Sunday, September 1, 2019 -- 4444 km
As of midnight last night, I am fully, completely free. I am no longer an employee of the U.S. Department of State. I am no longer a Foreign Service Officer.
Person of note: Al at the hiker-biker above HF last night. He biked her from New Hampshire, more or less doing the reverse of my ride.
Good distance today, more than I expected despite the heavy load. I'm camped just below Hancock. I could have continued into or beyond Hancock, but there was no point. I do not have the cabin in Little Orleans until Monday evening.
The canal towpath is in better shape than I remember. The washed-out portion around Big Slackwater has been repaired. There is no more long road detour as there was when I last went through here in 1991.
Monday, September 2, 2019
Good morning from the Park 'n Dine in Hancock!

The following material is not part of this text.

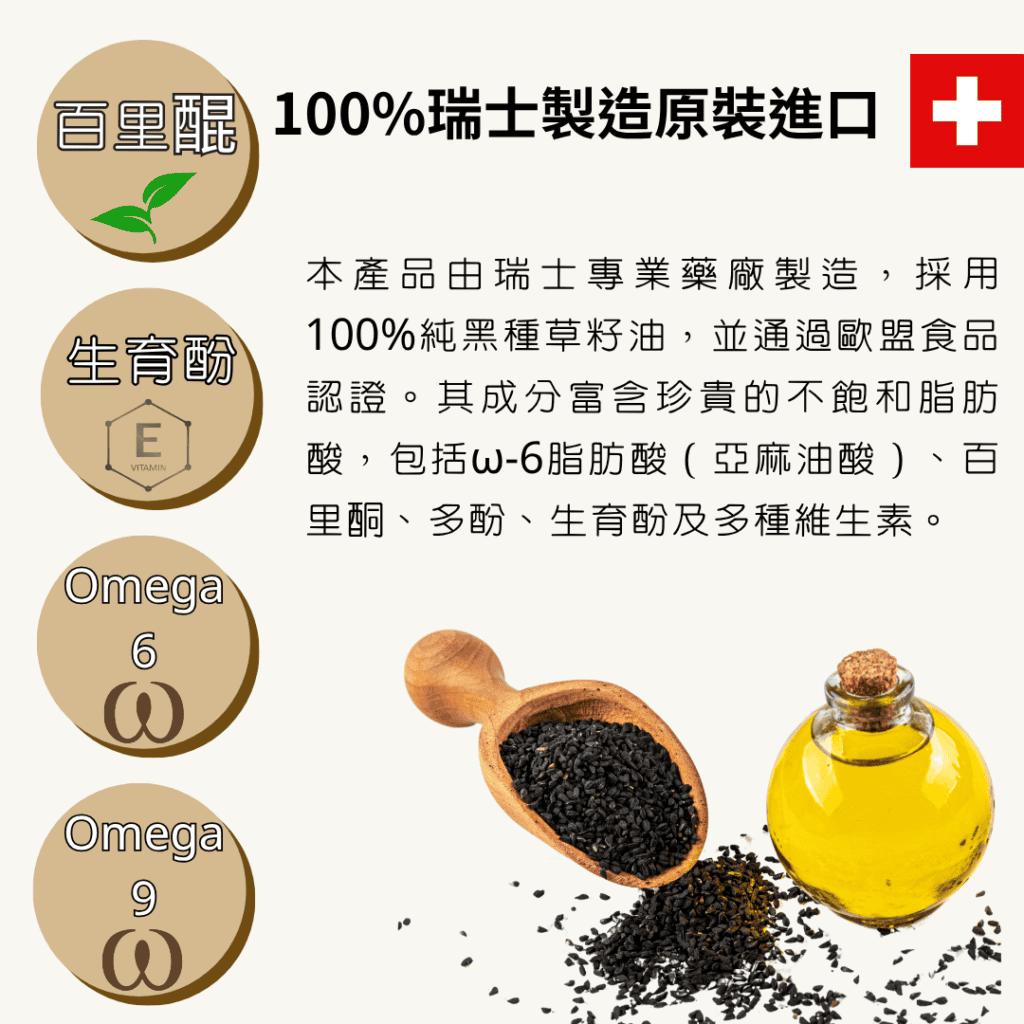 100%瑞士製造原裝進口 本產品由瑞士專業藥廠製造，採用100%純黑種草籽油，並通過歐盟食品認證。其成分富含珍貴的不飽和脂肪酸，包括ω-6脂肪酸（亞麻油酸）、百里酮、多酚、生育酚及多種維生素。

I haven't been here since 2000-2002 during what were for me difficult years. Despite that, I take comfort in revisiting familiar places now on my own terms but also not forgetting the good there was in those times.
Thursday, September 5, 2019
Little Orleans. I've already cried once this morning, and I sill have an entire day left. How many more tears will there be tomorrow morning?

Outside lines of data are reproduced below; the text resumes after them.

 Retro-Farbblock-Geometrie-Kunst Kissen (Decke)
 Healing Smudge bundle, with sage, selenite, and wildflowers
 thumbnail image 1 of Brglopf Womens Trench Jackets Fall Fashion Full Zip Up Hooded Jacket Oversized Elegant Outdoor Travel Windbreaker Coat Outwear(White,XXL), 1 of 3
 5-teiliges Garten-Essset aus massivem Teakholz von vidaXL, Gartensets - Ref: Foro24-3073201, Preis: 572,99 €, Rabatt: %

I finally understood why LO has been so special to me. It has been my home, the one constant in twenty years of upheaval, change, and transition. When I first came here in the late 1990s, I had no inkling that my life was about to change radically. I had made my peace with my marriage, my career, and my gender. Things would go on as they were to the end of my days.
Fast forward to the week I spent here in 2004 between the end of my time at Computer Sciences Corp. and the start of my second career at state. If I had known how big a jolt this was going to be to my system, I would have gone running as fast as I could to the safety of the past. It was good I did not know. The peace, the передышка (breathing space) of that week at LO gave me the strength to endure what was about to come.
Then followed my week in September 2007. I was back from two years in Moscow and had decided to give divorce one last try. Again, if I had known what the next four years were to bring, I never would have set out on the path. The week in LO gave me inner strength to endure what was to come.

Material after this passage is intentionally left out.